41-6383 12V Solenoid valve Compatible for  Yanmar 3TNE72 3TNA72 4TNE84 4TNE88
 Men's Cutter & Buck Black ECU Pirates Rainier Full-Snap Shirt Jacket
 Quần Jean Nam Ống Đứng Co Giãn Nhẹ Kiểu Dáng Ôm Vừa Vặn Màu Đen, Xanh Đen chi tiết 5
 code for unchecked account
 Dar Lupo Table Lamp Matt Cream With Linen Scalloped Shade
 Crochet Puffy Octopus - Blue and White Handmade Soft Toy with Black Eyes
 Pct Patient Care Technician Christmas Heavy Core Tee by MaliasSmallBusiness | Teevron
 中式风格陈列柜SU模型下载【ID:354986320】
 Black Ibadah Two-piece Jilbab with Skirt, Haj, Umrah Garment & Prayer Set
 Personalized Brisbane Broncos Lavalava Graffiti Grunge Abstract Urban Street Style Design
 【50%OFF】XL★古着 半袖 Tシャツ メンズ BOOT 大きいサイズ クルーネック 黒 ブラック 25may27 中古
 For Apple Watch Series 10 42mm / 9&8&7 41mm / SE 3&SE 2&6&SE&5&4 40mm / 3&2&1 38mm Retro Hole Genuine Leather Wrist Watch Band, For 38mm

....................

* TO DO
Repeat exactly the lines from the line containing "code for unchecked account" through the end of the listing above; both boundary lines are part of the output.

* EXERCISE SOLUTION
 code for unchecked account
 Dar Lupo Table Lamp Matt Cream With Linen Scalloped Shade
 Crochet Puffy Octopus - Blue and White Handmade Soft Toy with Black Eyes
 Pct Patient Care Technician Christmas Heavy Core Tee by MaliasSmallBusiness | Teevron
 中式风格陈列柜SU模型下载【ID:354986320】
 Black Ibadah Two-piece Jilbab with Skirt, Haj, Umrah Garment & Prayer Set
 Personalized Brisbane Broncos Lavalava Graffiti Grunge Abstract Urban Street Style Design
 【50%OFF】XL★古着 半袖 Tシャツ メンズ BOOT 大きいサイズ クルーネック 黒 ブラック 25may27 中古
 For Apple Watch Series 10 42mm / 9&8&7 41mm / SE 3&SE 2&6&SE&5&4 40mm / 3&2&1 38mm Retro Hole Genuine Leather Wrist Watch Band, For 38mm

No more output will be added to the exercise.